Sulla splendida linea mediana biancorossa, trovano posto due giovani, attesi da un grande futuro in Italia, i serbi Vladimir Jugoviċ e Sinisa Mihailoviċ, sì, proprio lui, coperto da una folta chioma di ricci ribelli.
In campo i balcanici schierano un solo straniero, il serbo-rumeno Miodrag Belodedici, che ha già portato al trionfo europeo lo Steaua, prima di scappare da Bucarest, in barba ai regolamenti del regime che vietavano i trasferimenti all’estero degli atleti di Ceaușescu.
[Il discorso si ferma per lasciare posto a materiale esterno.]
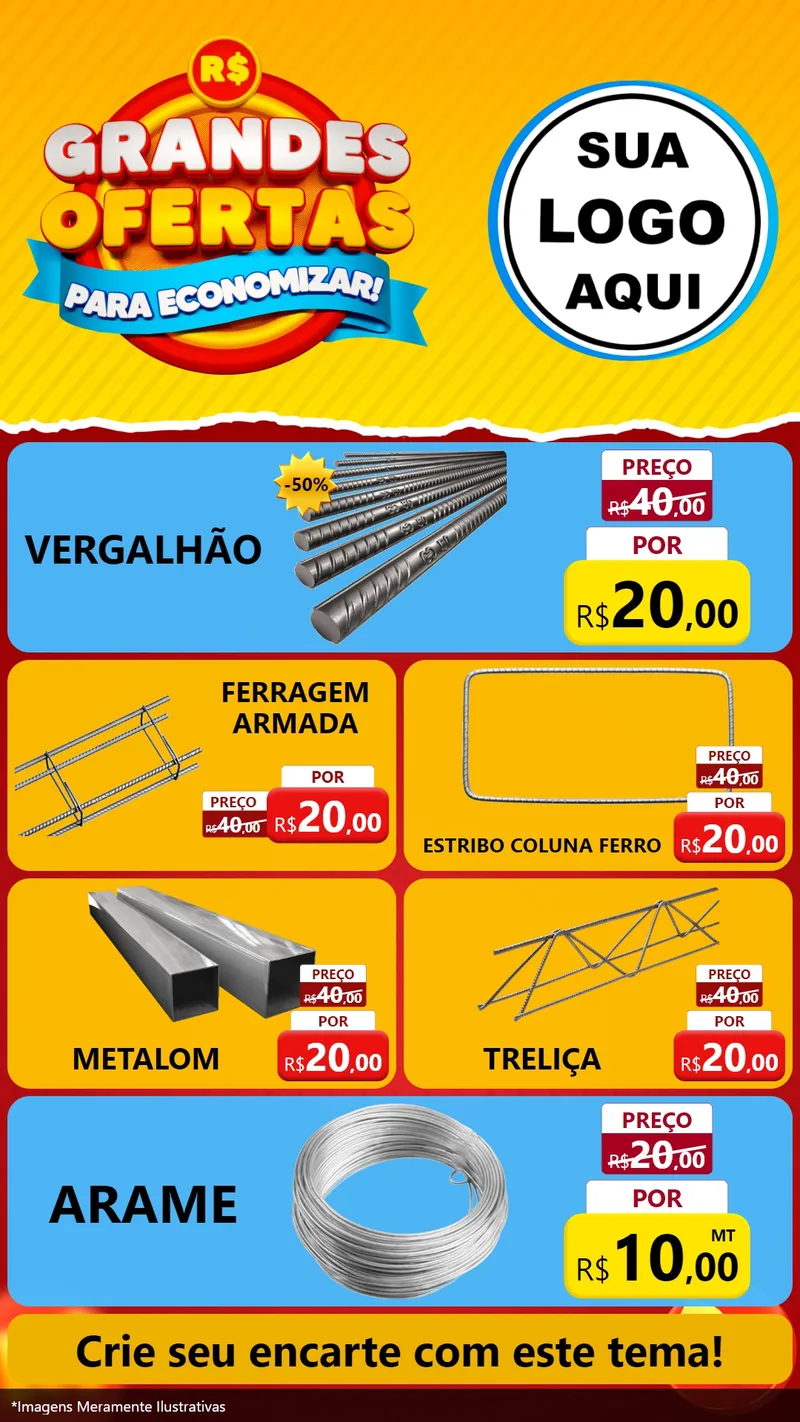Modelo de TV para TV Vertical com o tema Grandes Ofertas Para Economizar! para Ferragens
L’Europa del calcio guarda con fervente attesa alla notte di Bari. E rimane parzialmente delusa quando si aprono le ostilità e la partita scorre contratta e ben al di sotto delle aspettative. La contesa è aspra, e si trascina lenta, priva di colpi di scena, verso il novantesimo ed oltre, fino ai supplementari. Per una sera dimentico del suo calcio offensivo, il pragmatico Petrović ha preparato i suoi ad una notte di attesa. Come confesserà al termine dell’incontro, l’indicazione impartita alla squadra era di arrivare, sornioni, alla lotteria dei rigori. E giocarsela lì. Di par suo, l’OM non riesce a divincolarsi dalla morsa tattica dei rivali. E anche i supplementari scorrono senza alcuna emozione, fatto salvo l’ingresso sul finale di Stojković. Un boato scuote il San Nicola. Non è il pubblico francese che lo acclama, sono gli applausi della sua gente, di chi non lo ha mai dimenticato.
Piksi è entrato per calciare dal dischetto. Ma nell’epopea romantica di quella serata incredibile, c’è spazio anche per lo gran rifiuto. Stojković si avvicina a Goethals, e mentre il coach marsigliese si appresta a comunicare il suo nome nella cinquina, gli fa un segno di diniego. Il figliol prodigo non tradirà il suo cuore. Ed il suo cuore è ancora e per sempre a Belgrado.
Sembra un segno. Poco dopo il primo sigillo di Prosinečki, Stojanović distende i guantoni a neutralizzare il tiro fiacco di Amoros. Da quale momento in poi non sbaglia più nessuno. La lotteria prosegue fino a che Pančev non manda nel sacco un penalty scritto nella storia.
Una grande Stella Rossa venuta da Belgrado incendia la notte di Bari. Il pubblico, italiano come l’arbitro dell’incontro, il nostro Tullio Lanese, è testimone di un’impresa. Quella squadra di talenti meravigliosi e folli, come le orchestre della loro terra natia, issa in cielo la coppa più bella e con essa l’apice più alto mai toccato dal calcio jugoslavo. Quella vittoria sarà il canto del cigno di una generazione di campioni e di un popolo che la guerra ridurrà in mille frantumi. Poco più di un mese dopo, l’esercito jugoslavo invaderà militarmente Slovenia e Croazia, autoproclamatesi indipendenti. Sarà l’inizio di un lungo e sanguinoso conflitto. Che spazzerà via ogni traccia della vecchia Jugoslavia e del suo melting pot.
Tutte, tranne il ricordo di quella notte barese. Che, a quasi trent’anni di distanza, riecheggia ancora sui muri e nelle memorie di una rinata e moderna Belgrado. Unica gioia di un decennio crudele.